Me sopla un amigo hostelero (desde las entrañas del Grupo Saona, por lo que no deslizaré su nombre) que es precisamente el grupo de Gonzalo Calvo el destino de tantos cocineros de talento, bajas de esta guerra que parece ser hoy la gastronomía valenciana: Roberto Peña, ex-jefe de cocina de Canalla Bistró o Bruno Fraga, ex-jefe de cocina de Mercatbar y Paradores forman parte de la plantilla del grupo que está poniendo patas arriba el sector: “estamos dando entre 4 y 5 mil comidas al día entre todos los restaurantes de València y Madrid”.

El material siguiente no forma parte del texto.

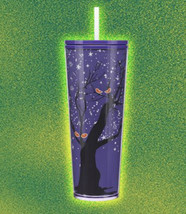 New Starbucks 2022 Halloween Tree Glow In The Dark Cold Cup 24 Oz Venti Tumbler - £27.08 GBP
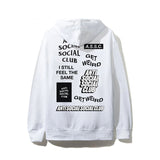 Anti Social Club Hoodie Brushed Hoody Men's Women's Hoodie Coat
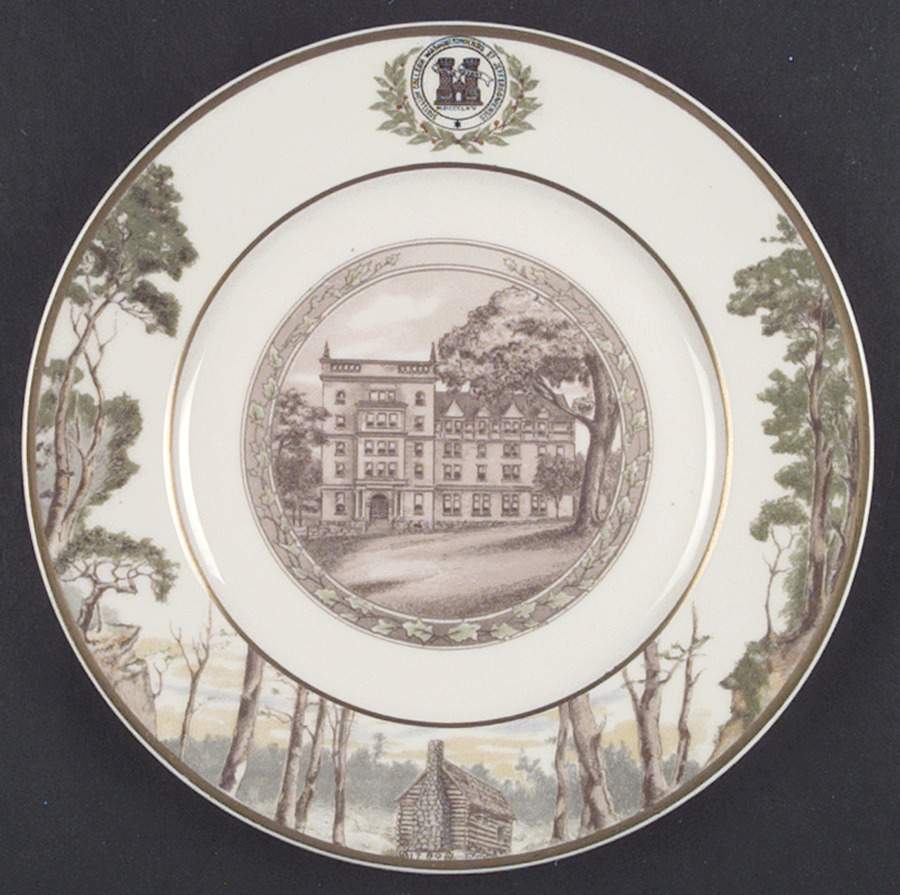 Washington & Jefferson College Dinner Plate by Lamberton-1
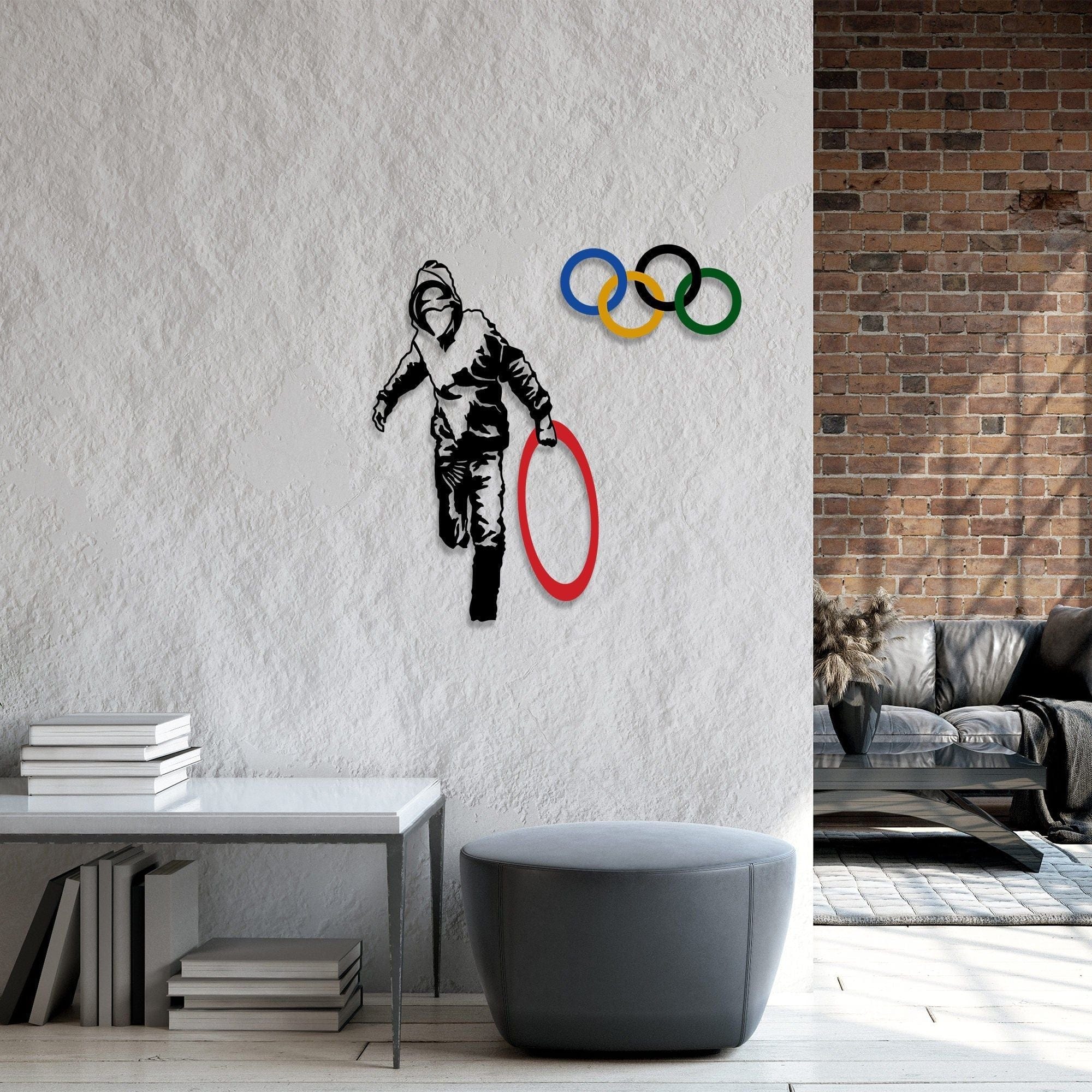 Decoratiune perete 891TNL2296, multicolor, metal, 62x61 cm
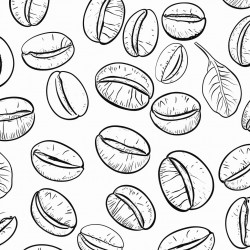 coffee beans pattern
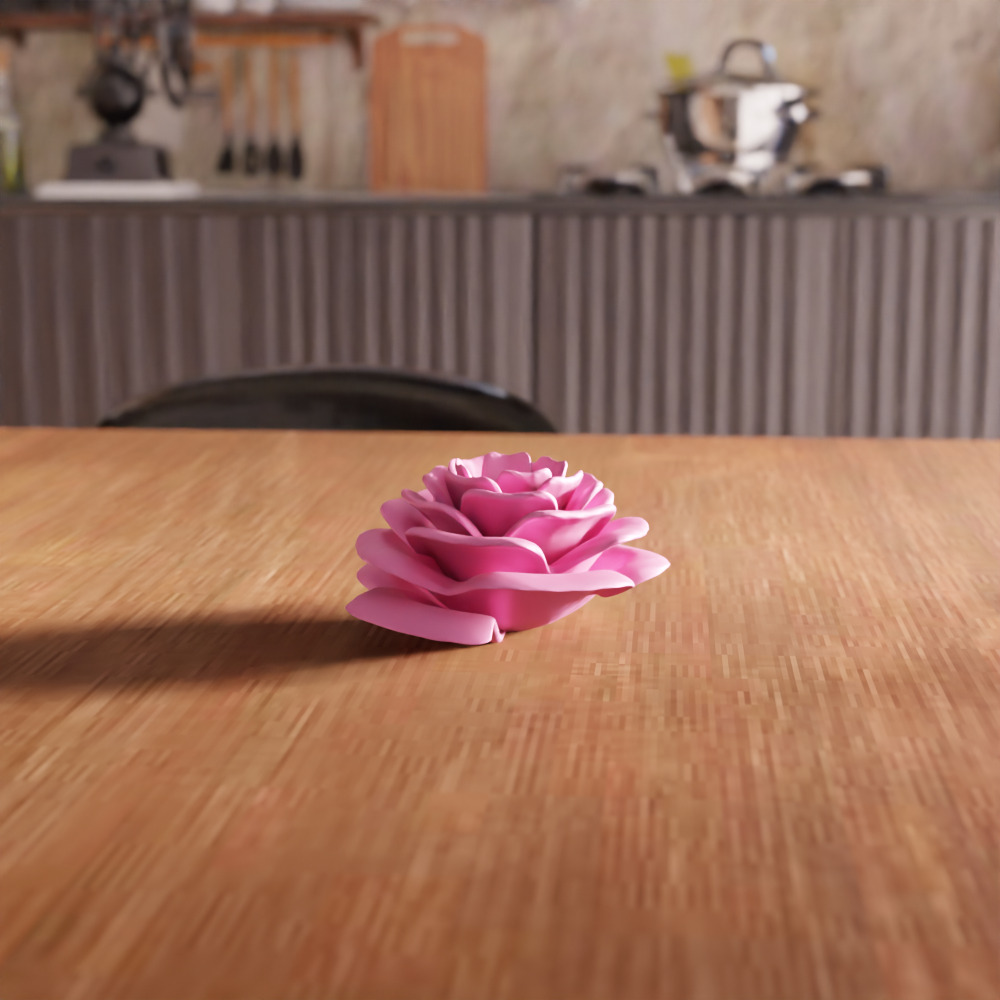 Flower Rose - 279 3D print model_1
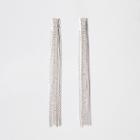 River Island Womens Silver Tone Slinky Drop Earrings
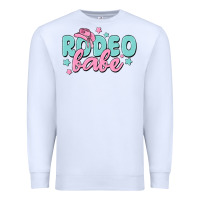 White rodeo babe Premium Sweatshirt - MaliasSmallBusiness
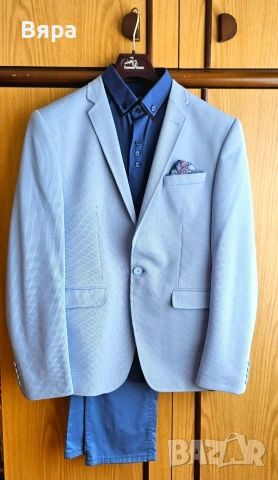 Спортно елегантен мъжки костюм , снимка 2 - Костюми - 53836988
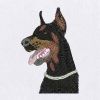 Doberman Pinscher Embroidery Design | Animal DST Embroidery File | 4×4 Dog PES File | Pet Animal Machine Embroidery Design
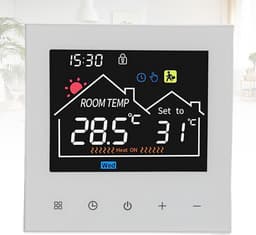 Digitale Thermostaat - Slimme Regelaar - Temperatuur Beheer - Programmeerbaar LCD - 86x86mm - Zwart — thumbnail 4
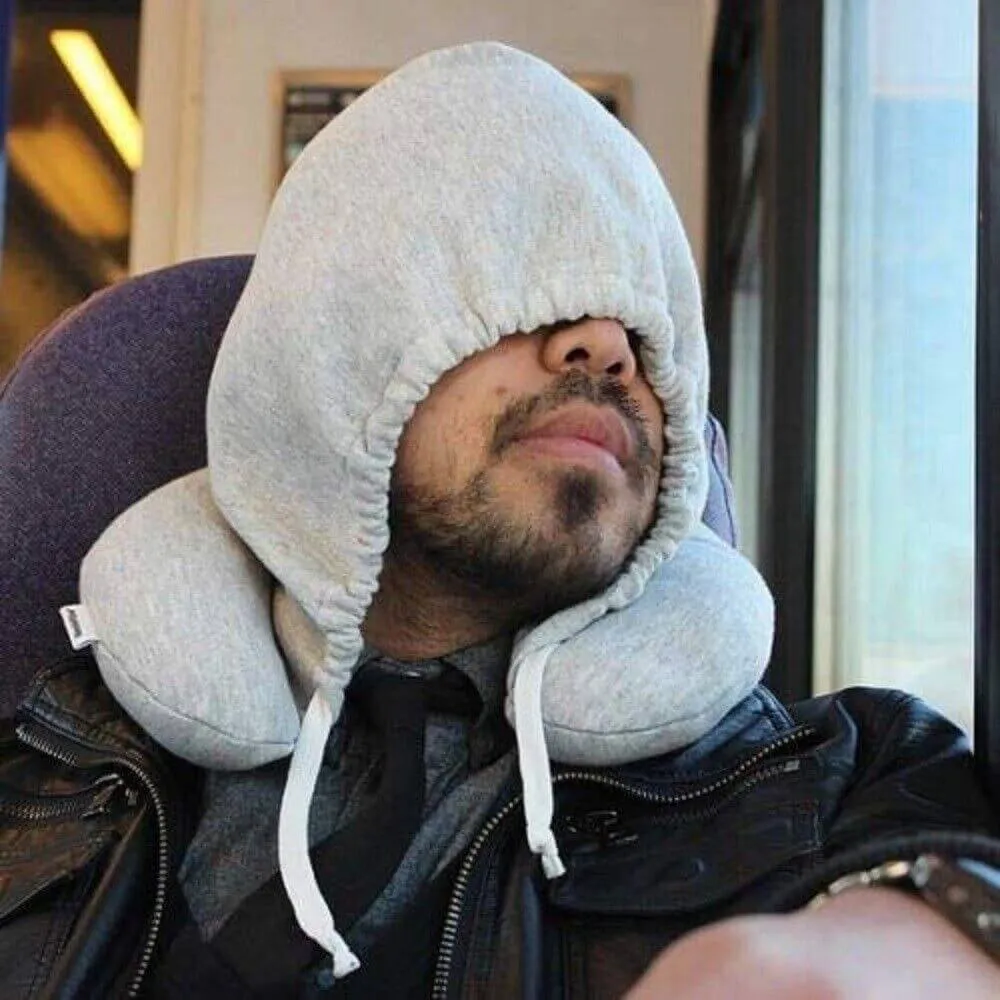 Hooded Neck Pillow with Hood Hoodie Travel Pillow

Yo intuyo un cambio de modelo. Insisto: la ciudad se está virando hacia un cosmopolitismo todavía por ver (¿en serio queremos ser Copenhague?) y en este escenario lejos queda aquella gastronomía entregada a la cocina con mayúsculas que arrancó con Ma Cuina en el 81 (responsables de traer la nueva cocina vasca a València), Leixuri de la la familia Sánchez Arrieta en el 82, el tótem Óscar Torrijos, aquel icónico La Hacienda o la aventura de Joachim Koerper en Restaurant Girasol en Moraira, el primer dos Estrellas de la Comunitat Valenciana. Durante casi dos décadas València ha querido disfrazarse de un San Sebastián mediterráneo pero el disfraz se nos está cayendo a trozos; ¿qué está fallando? Yo intuyo la respuesta: falla la base; nos falta verdadero amor por la cocina, entender la gastronomía como cultura y no (solo) como pasatiempo.
Porque no va de eso. Comer bien es importante porque nos hace mejores —afirmaba Brillat-Savarin que el hombre se distingue del animal en que puede beber cuando no tiene sed y comer cuando no tiene hambre. Y exactamente ahí está el quid de la cuestión: cocinar un plato y compartirlo con alguien querido es la más alta cima que puedo imaginar de civismo, cultura y progreso. Visitar mercados, hablar con panaderos, agricultores y currelas del campo; patear viñedos, tomar notas de recetas apasionantes, acercarte a otras culturas (a través de su cocina), oler, tocar y probar nuevos alimentos puede llegar a ser tanto o más íntimo como leer un libro o escuchar una vez más aquel disco de los Smiths en la soledad de este abril lluviso.
La comida y sala de una casa de comidas (aquel servicio de antes) es una liturgia, un placer y la promesa de una vida más civilizado: mejor. Por eso cuando cierra un restaurante, como cuando muere un medio de comunicación, el mundo parece un lugar más gris; más frio.